Now, Lotte Lenya is well known for being a sometimes unreliable source for historical facts--some of it's "true," some of it's not, and we'll mostly never know (who cares?!)--but she is also known for being a terrific performer, and one who had a genius for minimalism. Enter Mary Martin who was still in the early part of her career, and I am inclined to believe the more seasoned performer, in this case (being Lenya). When it comes to a Weill song, especially one as delicate, disarmingly, and deceptively simple as this one, underplaying is always the right choice.

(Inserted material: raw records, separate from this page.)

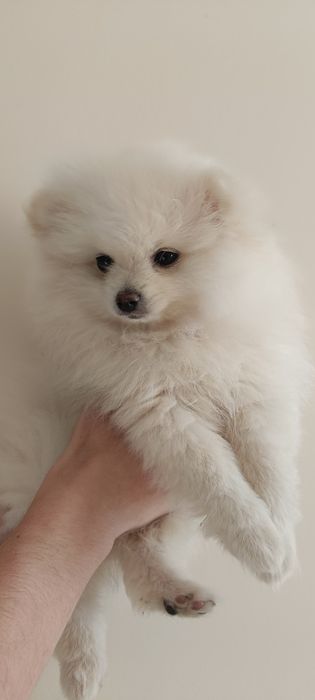 Szpic miniaturowy biała suczka GOTOWA DO ODBIORU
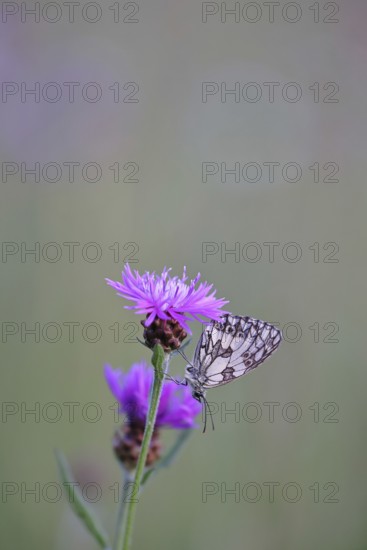 Checkerspot butterfly (Melanargia galathea) in a meadow knapweed (Centaurea jacea), underside of wing, macro photograph, Wilnsdorf, North Rhine-Westphalia, Germany
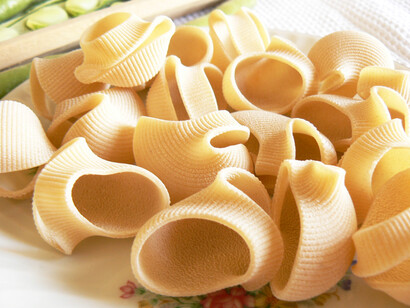 Conchiglioni bio di grano Saragolla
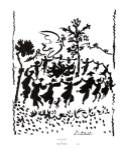 Vive la Paix by Pablo Picasso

One last bit of dish. Hal Prince also mentions an exchange he had with Lotte Lenya backstage of Cabaret when she learned he was headed out to see Dietrich perform. Prince says: "And she said, looking into the mirror without a pause, 'Say hello to Miss No-Talent.'" I'm sure they're friends, now, in Show Business Heaven. This brings us full circle, back to the very beginning. A very good place to start.

And now for the song.

Here is Kurt Weill singing this amazing, heartbreaking piece. Once you've heard it this way, you can never unhear it again, though it omits my favorite, the last verse, alas. You can hear Mary Martin as well, after the lyrics posted below. Listen. Listen....

You know the way you feel
When there is autumn in the air,

That's him, that's him.

The way you feel when Antoine
Has finished with your hair,

That's him, that's him.

You know the way you feel
When you smell bread baking,

The way you feel,
When suddenly a tooth stops aching;

Wonderful world, wonderful you,

That's him, that's him.
He is as simple as a swim in summer,
Not arty, not actory.

He's like a plumber when you need a plumber:
He's satisfactory.

You know the way you feel
When you want to knock on wood,

The way you feel 
When your heart is gone for good:
Wonderful world, wonderful you,
That's him.

You could shuffle him with millions,
Soldiers and civilians,
I'd pick him out.

In the darkest caves and hallways
I would know him always,
Beyond a doubt.


Comes easily to me
Because that's he.

You know the way you feel
About the Rhapsody in Blue:
That's him, that's him;

The way you feel about a hat

Created just for you:
That's him, that's him.

You know the way you feel
When the fireflies glimmer,
The way you feel when overnight
Your hips grow slimmer:

Wonderful world, wonderful you,
That's him, that's him.

He's like a book directly from the printer,
You look at him, he so commenceable.
He's comforting as woolens in the winter:
He's indispensable.

You know the way the way you feel
That you know you should conceal
The way you feel feel that you really shouldn't feel:
Wonderful world, wonderful you,

That's him.

"That's Him" from One Touch of Venus. Music by Kurt Weill, lyrics by Ogden Nash, 1943.

* * *

And because Spotify allows me to provide one-stop research shopping, this track has Mary Martin singing "That's Him" with the gorgeous Weill full-orchestrations. Enjoy.


Ian said...

Sigh. That's him alright. I'm mostly an old soul - Erroll Garner is my Favorite, but your latest last songs have been very nice to me. Thanks.

Anonymous said...

I'm currently in rehearsals to play Venus at 42nd Street Moon in San Francisco. Thanks for this terrific commentary, it's inspired some ideas of how I'll do the song.